TASK INPUTS
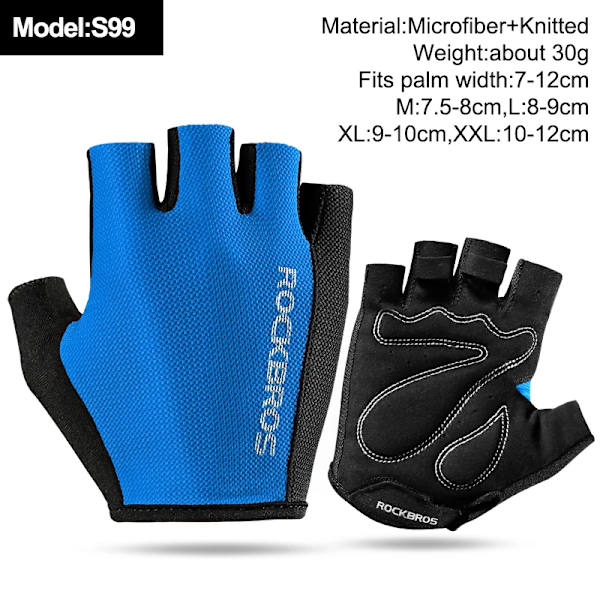 ROCKBROS Half Finger MTB cykelhandskar Andas landsvägscykelhandskar i nylon Tunna Lätt Slitstark Fingerlös Fitness Vante S099 Blue M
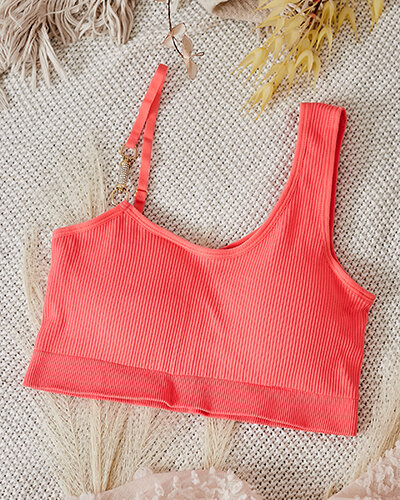 Royalfashion Sieviešu rievots krūšturis ar dekoratīvu siksniņu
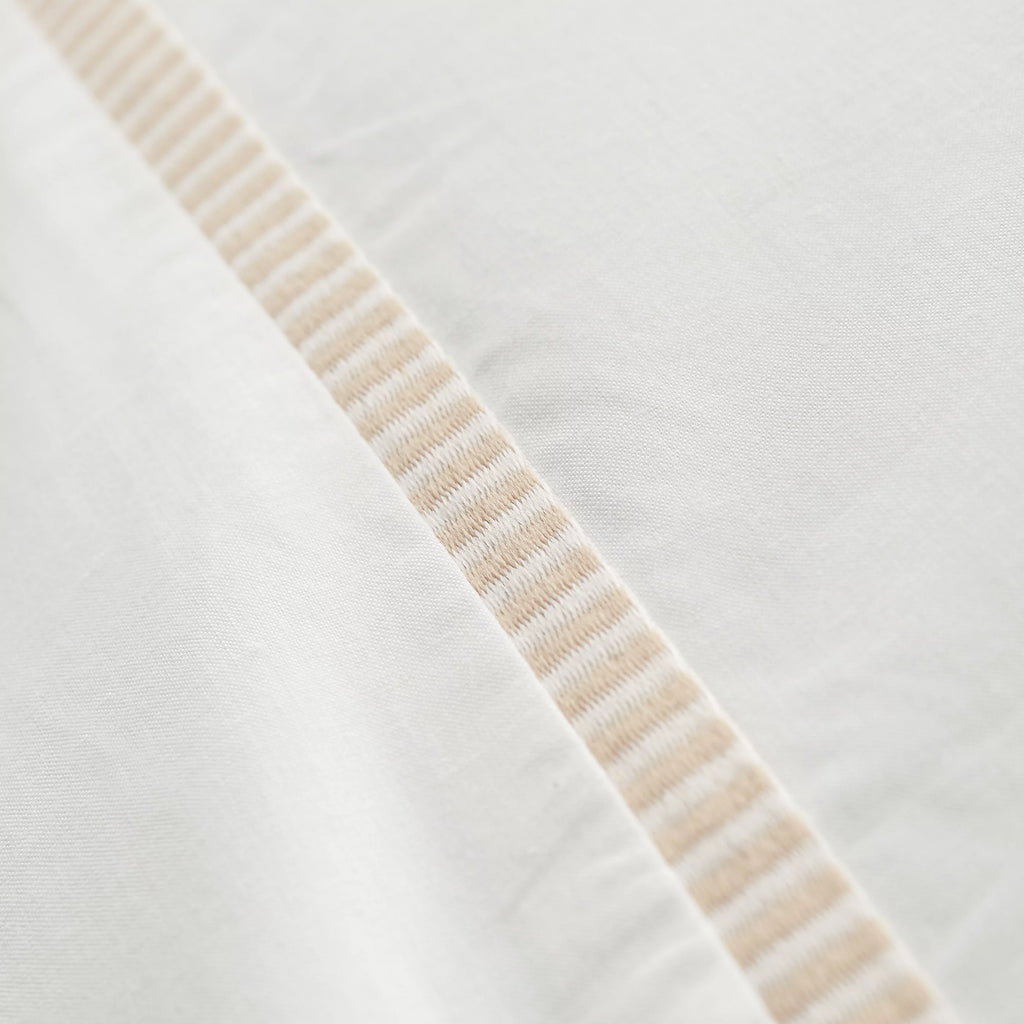 Bianca Contrast Trim 200TC Cotton Duvet Cover Set White Natural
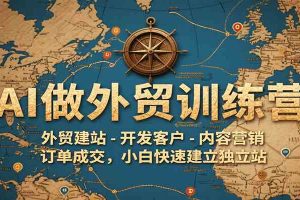 AI做外贸训练营，外贸建站-开发客户-内容营销-订单成交，小白快速建立独立站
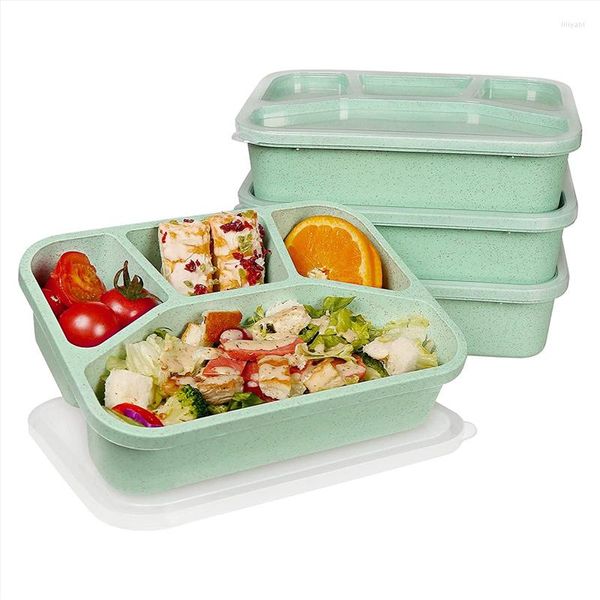 Conjuntos de louças 4 embalagens recipientes para almoço com compartimentos reutilizáveis Bento Box para crianças/crianças/adultos empilháveis verde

EXERCISE DIRECTIONS
Every line from the one with "Bianca Contrast Trim" through the end of the records above belongs in the answer, copied exactly; no picture does.

SOLUTION FOR THIS EXERCISE
 Bianca Contrast Trim 200TC Cotton Duvet Cover Set White Natural
 AI做外贸训练营，外贸建站-开发客户-内容营销-订单成交，小白快速建立独立站
 Conjuntos de louças 4 embalagens recipientes para almoço com compartimentos reutilizáveis Bento Box para crianças/crianças/adultos empilháveis verde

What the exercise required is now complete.